I would say, no need to invent anything new, just look to the sales person in most companies today and what do they get paid?
A base fee + commission.
The base fee covers the mandatory responsibilities of their job that don't directly account for the sales, or meetings, being booked immediately. Like the reporting on marketing and messaging feedback, recording longer term follow ups that the rep might not ever get paid commission on, etc.
Keep in mind too, when a sales rep is working for a company they're being supplied with the tools to do the job. Licensing to SEPs, email searching/verification, list building resources, and more. This all costs money and no organization would expect an SDR to pay for that themselves.
Then there's the success or performance fee, and this commission is what incentivizes the rep or SDR/BDR to hit quotas and be aggressive.

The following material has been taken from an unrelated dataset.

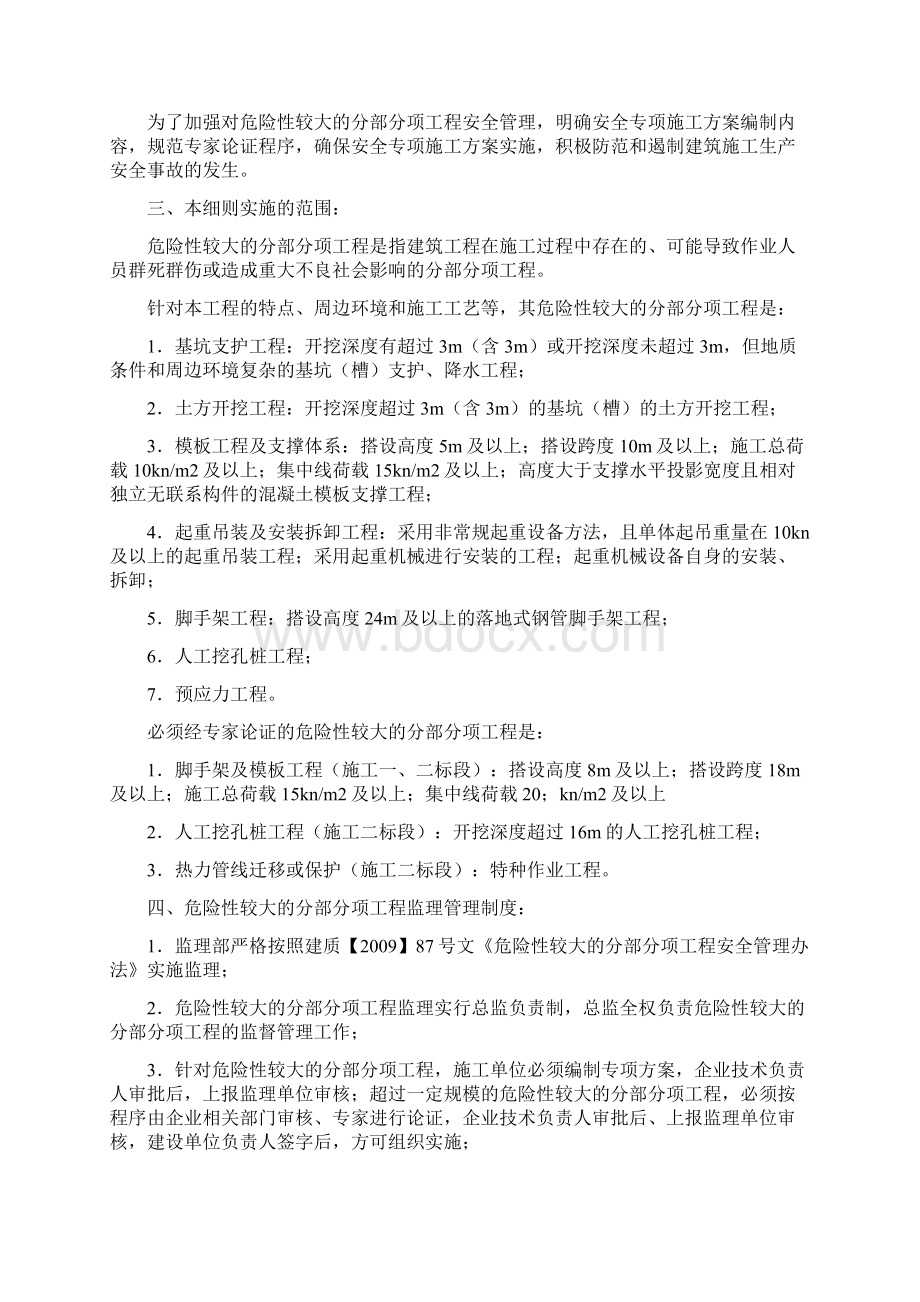 危险性较大的分部分项工程监理实施细则word资料18页Word文件下载.docx_第2页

There's a reason this is the standard in the sales world. It's because it works. So that's what I would say is the best model.
How you split that up, to me, depends on what end of the spectrum you're on.
If your business is brand new and it's never generated meetings with cold contacts before, then it's likely there's some experiments that need to be conducted to dial in your messaging so that a per meeting fee is realistic. So maybe the the base fee / commission split is heavier on the base fee side.
As the outreach channel is tuned in and meetings are able to be generated consistently, it could move the other way and lean heavier on the success based fees. Again, not rocket science and pretty much what's happening in most sales orgs now.
This is for the agency or SDR and the client or employer to agree on what's fair.
And that's it. That's my logic on what I think is fair and incentivizes an agency or SDR the most.